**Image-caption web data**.
[Start of Attachment]

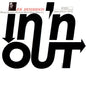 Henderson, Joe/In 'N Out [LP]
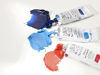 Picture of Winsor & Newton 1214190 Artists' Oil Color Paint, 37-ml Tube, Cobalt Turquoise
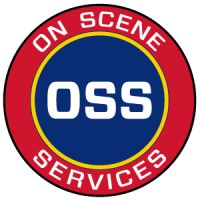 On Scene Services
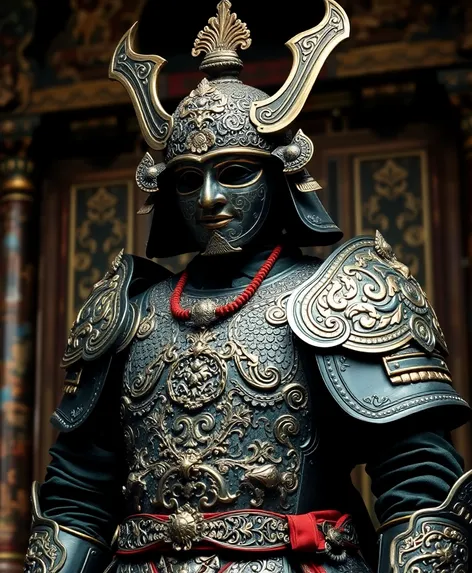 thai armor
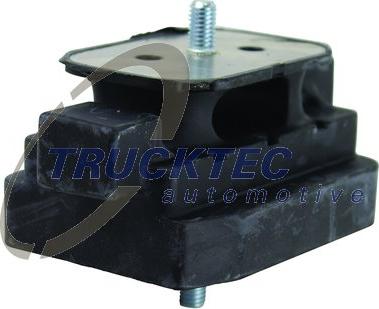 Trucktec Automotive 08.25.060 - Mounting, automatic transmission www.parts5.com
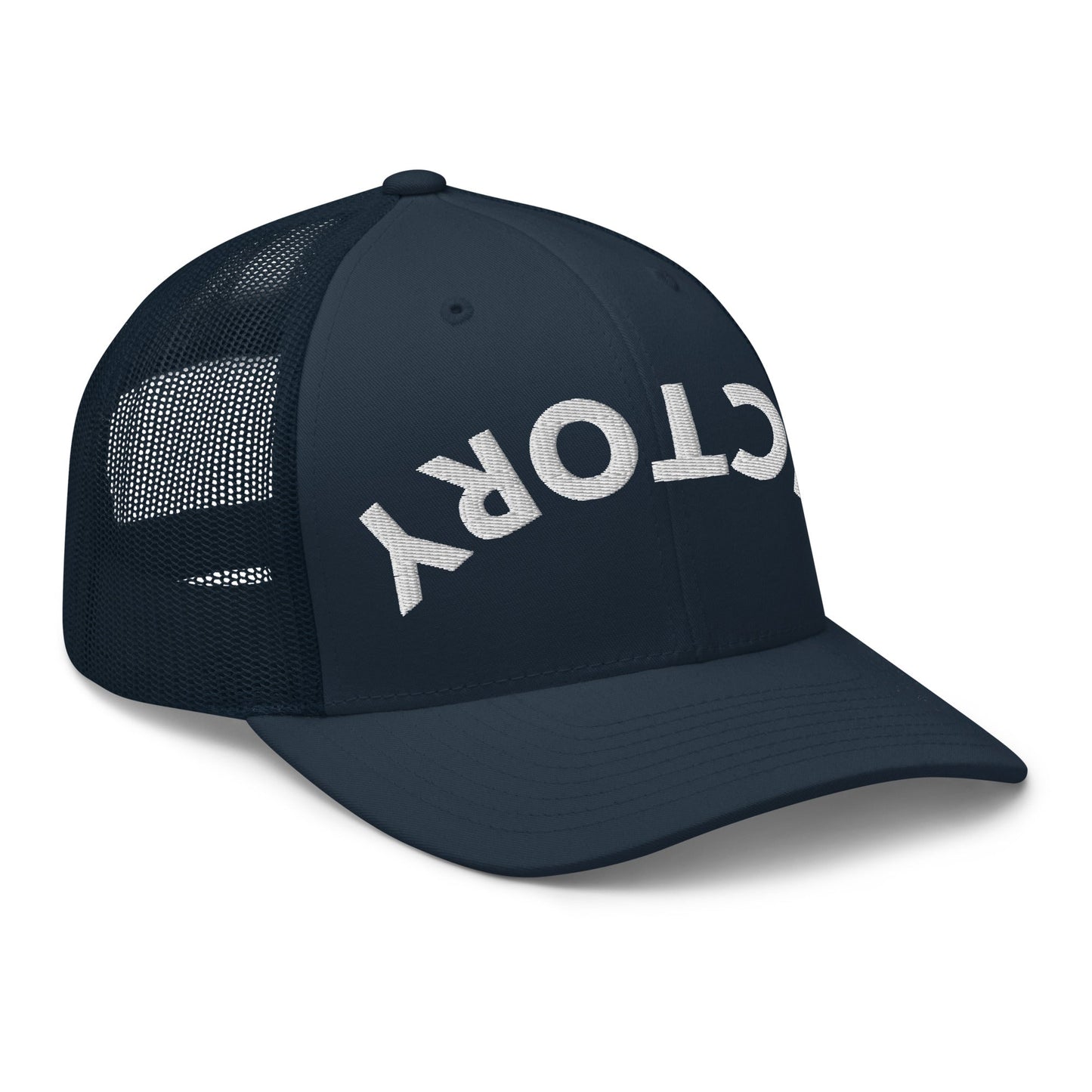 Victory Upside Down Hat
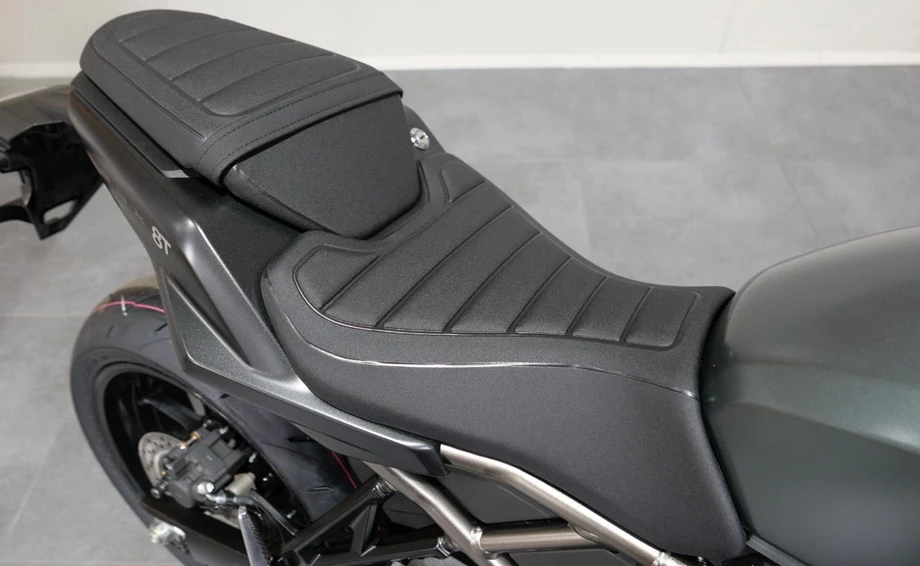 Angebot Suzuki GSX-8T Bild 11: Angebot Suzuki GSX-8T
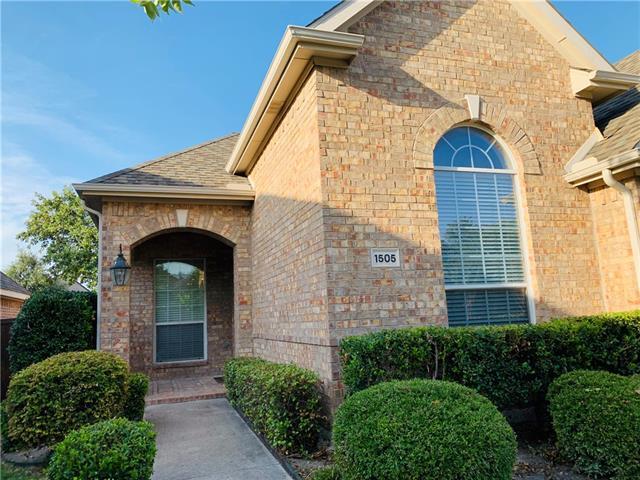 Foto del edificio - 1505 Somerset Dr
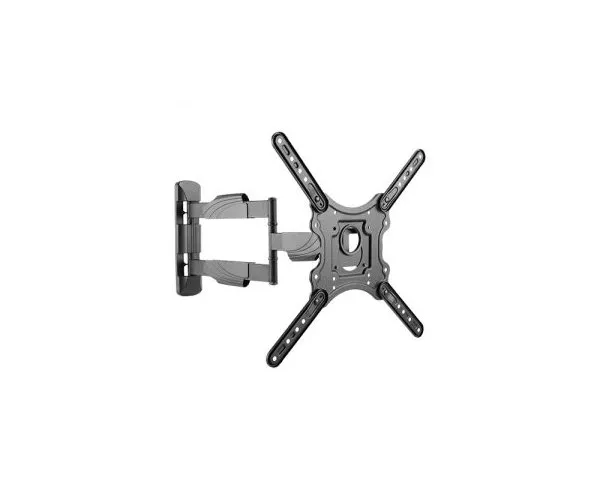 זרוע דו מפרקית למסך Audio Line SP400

[End of Attachment]

**EXERCISE PROMPT**.
Set down all the entries exactly as they appear, but skip any pictures.

**REPLY**.
 Henderson, Joe/In 'N Out [LP]
 Picture of Winsor & Newton 1214190 Artists' Oil Color Paint, 37-ml Tube, Cobalt Turquoise
 On Scene Services
 thai armor
 Trucktec Automotive 08.25.060 - Mounting, automatic transmission www.parts5.com
 Victory Upside Down Hat
 Angebot Suzuki GSX-8T Bild 11: Angebot Suzuki GSX-8T
 Foto del edificio - 1505 Somerset Dr
 זרוע דו מפרקית למסך Audio Line SP400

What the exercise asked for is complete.